Anomalous Hall effect and anisotropic magnetoresistance of molecular beam epitaxy grown Cr2Te3 thin films

•High quality Cr2Te3 epitaxial films were grown on SrTiO3 (111) substrates using MBE.•The optimal growth temperature of the Cr2Te3 films was 275 °C.•Cr2Te3 films show perpendicular magnetic anisotropy and anisotropic magnetoresistance.•Cr2Te3 films show coupled electronic and magnetic phase transitions.•Negative magnetoresistance can be explained by electronic phase separation scenario. High-quality Cr2Te3 epitaxial thin films with thicknesses ranging from 2.5 to 30 nm have been epitaxially grown on SrTiO3(111) single-crystal substrates using molecular beam epitaxy. The optimal growth temperature of the films was found to be 275 °C. All Cr2Te3 films show semiconductor-to-metal transition which is coupled with the paramagnetic-to-ferromagnetic transition at TC = 175 K. Consequently, all Cr2Te3 films show negative magnetoresistance effect which is strongest near TC and can be understood within the framework of electronic phase separation scenario.
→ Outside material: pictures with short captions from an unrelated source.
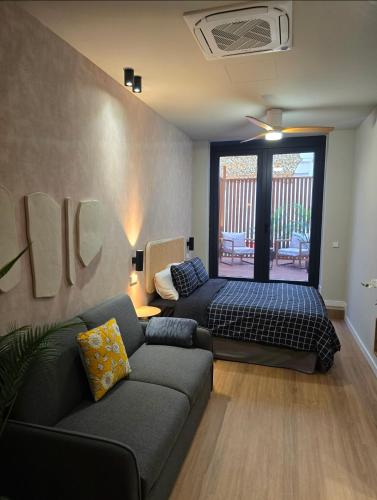 LHOME Queens Centro Histórico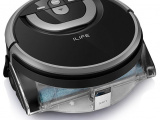 Робот-пылесос ILIFE W400(6971263070175) 6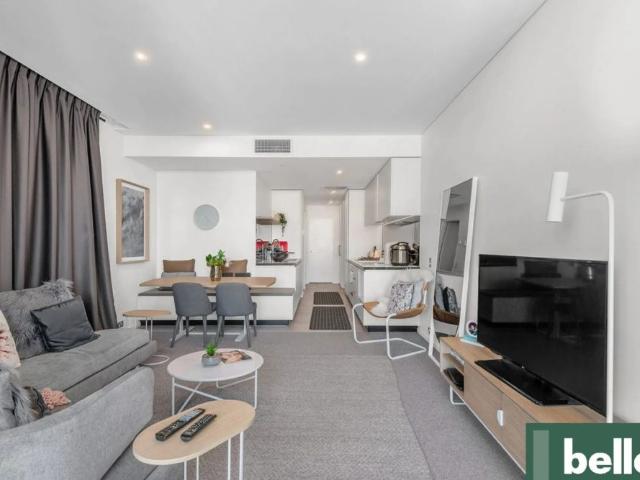 Apartment for rent in Toombul, Queensland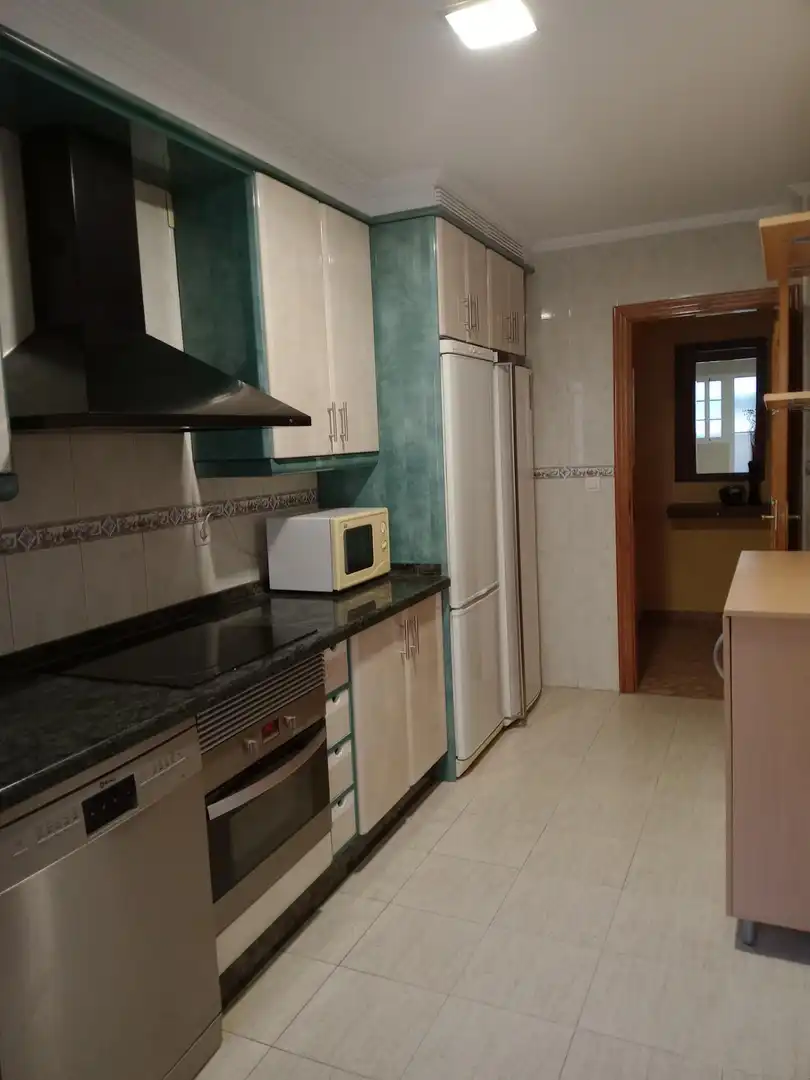 Piso de 106 m² en Motril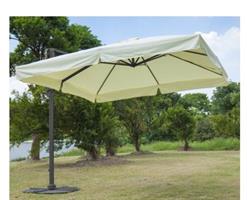 OMBRELLONE CALPE QUADRO SBRACCIO CM300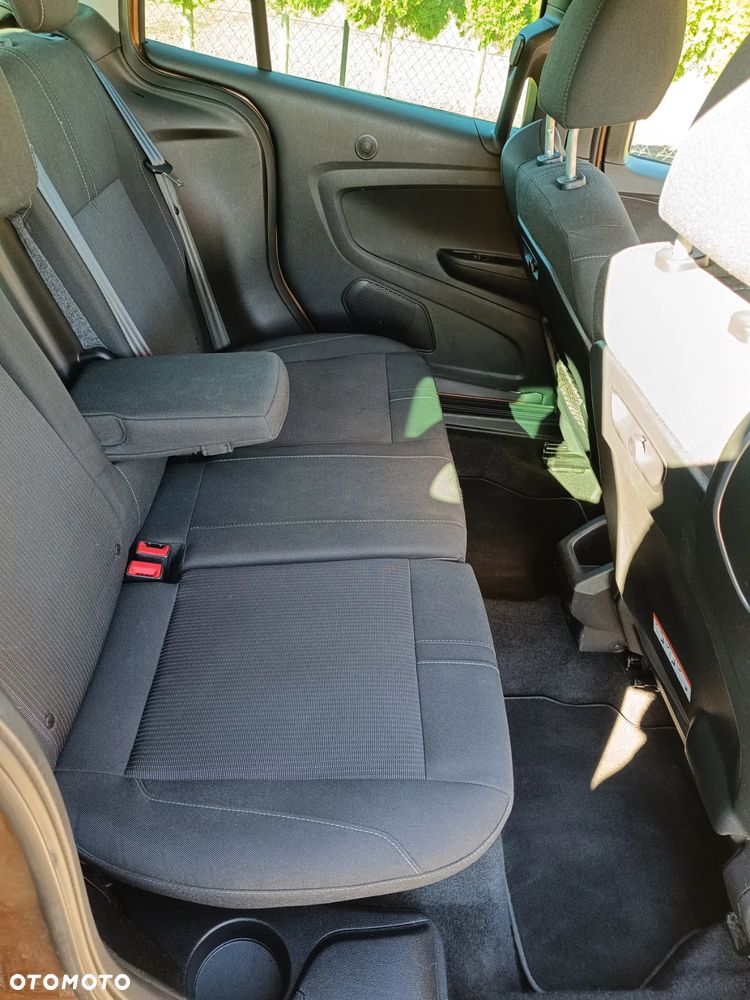 Ford B-MAX 1.0 EcoBoost Titanium - 8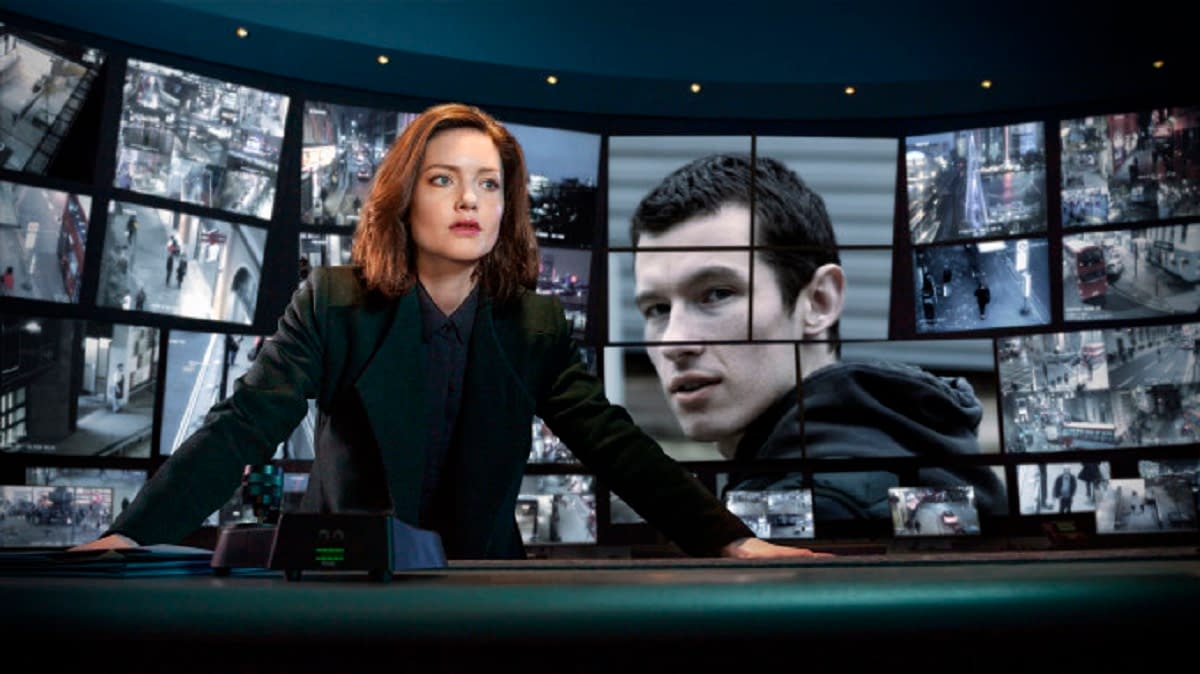 "The Capture": First Details Emerge on BBC Thriller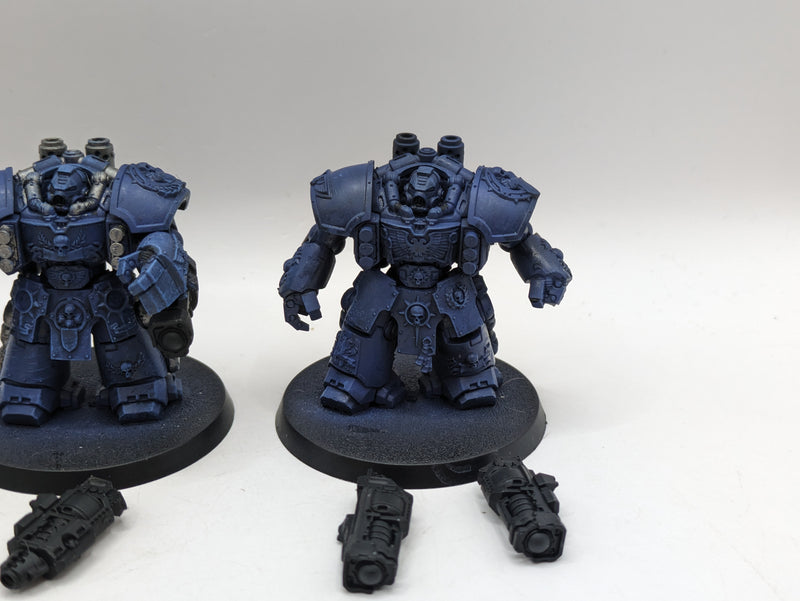 Warhammer 40k: Space Marine Centurions (AI212)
Both anomalous Hall effect and out-of-plane magnetic hysteresis loops show that all Cr2Te3 films have perpendicular magnetic anisotropy with the easy magnetization axis along the c-axis of the films. With decreasing film thickness the coercivity increases and reaches 10 kOe for the thinnest 2.5-nm film. Magnetoresistance measurements at different angles between the direction of the magnetic field and the easy magnetization axis reveal that Cr2Te3 films show anisotropic magnetoresistance whose out-of-plane values are larger than those of in-plane ones.